OREANDA-NEWS. Fitch Ratings has taken multiple rating actions on Harbourmaster CLO 5 B.V.'s notes as follows:

EUR5.5m Class A3 (XS0223503078): upgraded to 'Asf' from 'BBBsf'; Outlook Stable
EUR9m Class A4E (XS0223503151): affirmed at 'BBsf'; Outlook Stable
EUR16m Class A4F (XS0223503581): affirmed at 'BBsf'; Outlook Stable
EUR4m Class B1E (XS0223503664): affirmed at 'B-sf'; Outlook revised to Stable from Negative
EUR15m Class B1F (XS0223503748): affirmed at 'B-sf'; Outlook revised to Stable from Negative
EUR5.9m Class B2E (XS0223503821): affirmed at 'CCCsf'; Recovery Estimate (RE) 0%
EUR4.7m Class B2F (XS0223504043): affirmed at 'CCCsf'; RE 0%

Harbourmaster CLO 5 B.V. is a managed cash arbitrage securitisation of secured leveraged loans, primarily domiciled in Europe. The portfolio is managed by Blackstone/GSO Debt Funds Europe Limited.

The upgrade reflects an improvement in credit enhancement (CE) over the past 12 months while the affirmations reflect the higher CE being offset by increased portfolio concentration risk. The class A2 notes have been paid in full and the class A3 notes have been paid down significantly to 17.3% of the original note balance. The Outlook on the class B1 notes has been revised to Stable from Negative following a 13.7% increase in CE.

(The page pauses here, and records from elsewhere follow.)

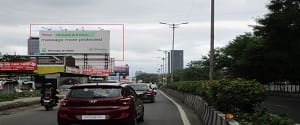 Hoarding - Viman Nagar Pune, 88155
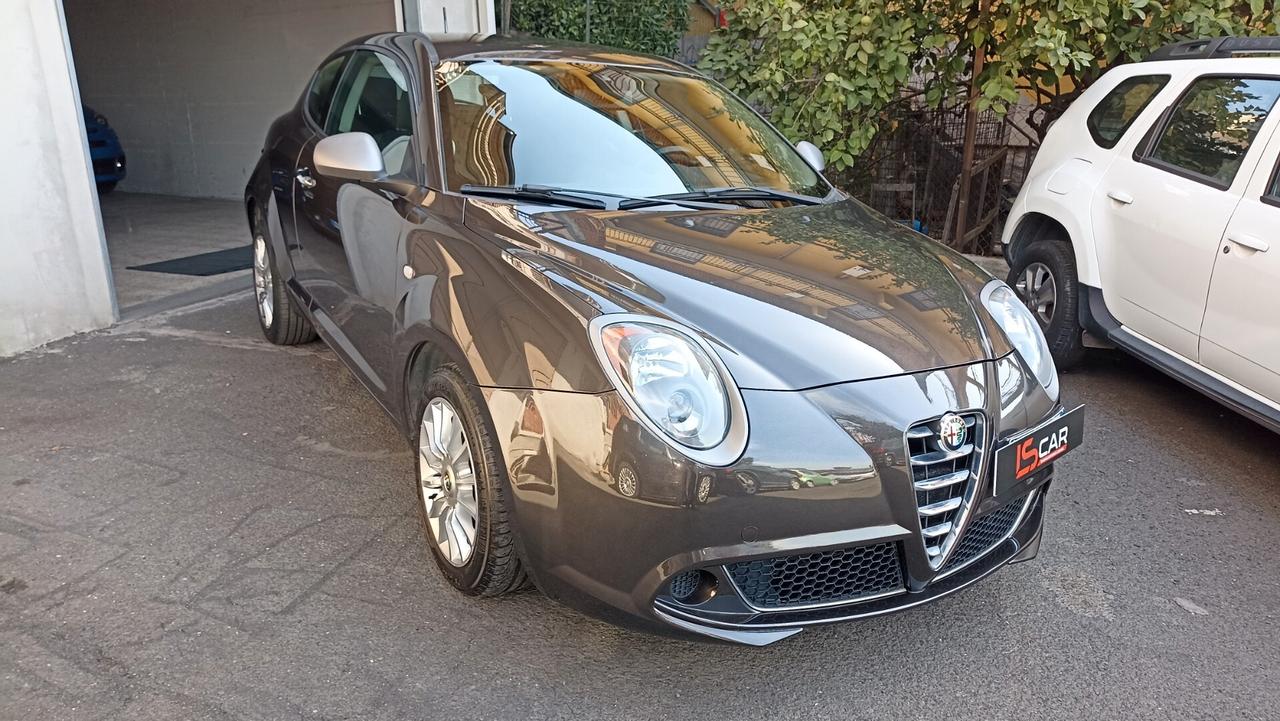 Alfa Romeo MiTo 1.4 70 CV 8V Impression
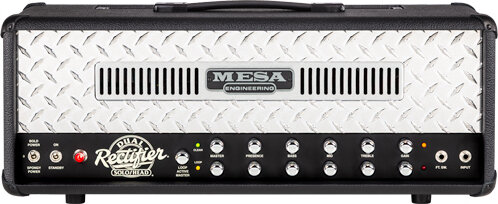 Mesa/Boogie 90s Dual Rectifier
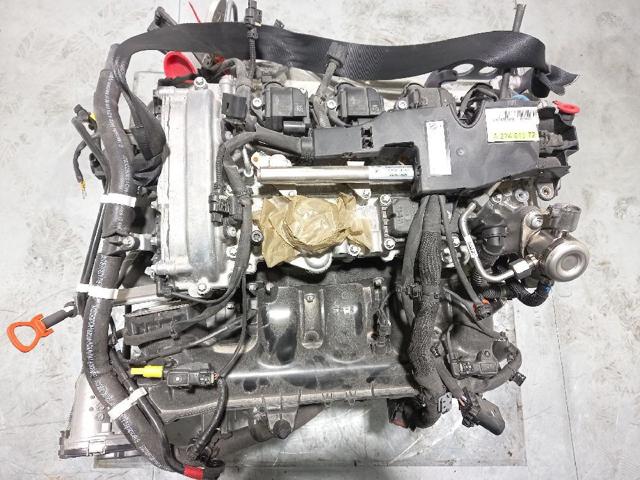 274920 Mercedes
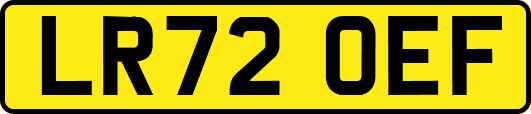 LR72OEF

In March 2015, EUR376,693 or 35% of the excess spread was used to pay down the class B2 notes to cure the class B2 overcollateralisation (OC) test. The OC test has since been met and is now passing with a 11.1% cushion.

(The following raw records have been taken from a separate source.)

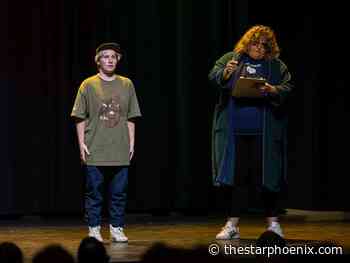 Saskatoon Fringe Festival reviews: Two dates with death, and your long-lost digital pet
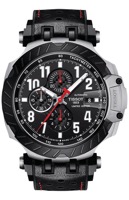 Швейцарские часы TISSOT T115.427.27.057.00 T-RACE MotoGP 2020 Automatic Chronograph LIMITED EDITION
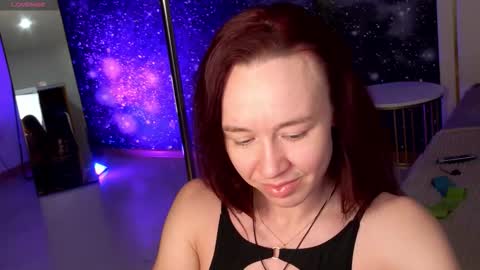 Spoty Kate online show from December 17, 12:50 am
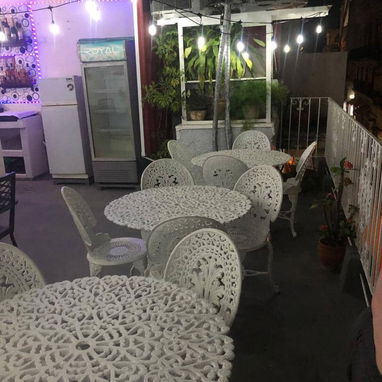 Se renta terraza - Img 125737642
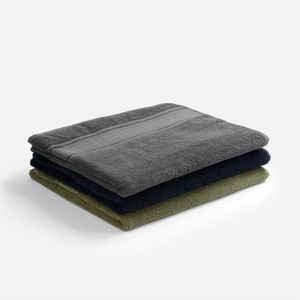 Полотенце махровое Terrychic XL (темно-синий) Полотенце махровое Terrychic XL (темно-синий)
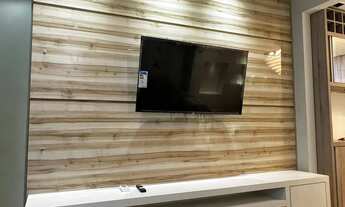 Imagem 4: Residencial Parque dos Ipês - Setor Alto da Glória Apartamento com 3 Quarto(s) e 2 banheir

The portfolio has become highly concentrated following amortisation. The number of issuers in the current portfolio has been reduced to 10 from 15 over the past 12 months and the largest 10 assets account for 79.7% of the par value. The Fitch-weighted average rating factor increased to 41.3 from 33.6, well above the trigger at 30, indicating weakening credit quality of the underlying assets. The high concentration, coupled with the low credit quality, suggest that portfolio default rates can be highly volatile.

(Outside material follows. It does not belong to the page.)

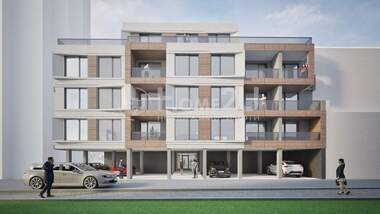 Satış - Apartman olarak Zornica,  Burgas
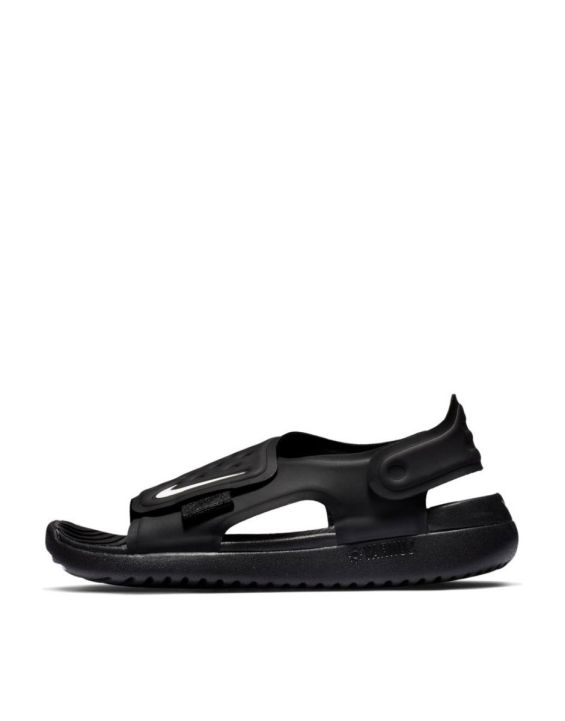 'NIKE Sunray Adjust 5 Black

There are currently no defaulted assets compared with EUR15.5m a year ago. However, as the transaction becomes more concentrated, the note's sensitivity to defaults increases, particularly at the junior level.

Increasing the default probability by 25% would likely result in a downgrade of up to three notches to the class B1 and B2 notes. Furthermore, applying a recovery rate cut of 25% on all the assets would likely result in a downgrade of up to two notches.

No third party due diligence was provided or reviewed in relation to this rating action.

Fitch has checked the consistency and plausibility of the information it has received about the performance of the asset pools and the transactions. There were no findings that were material to this analysis.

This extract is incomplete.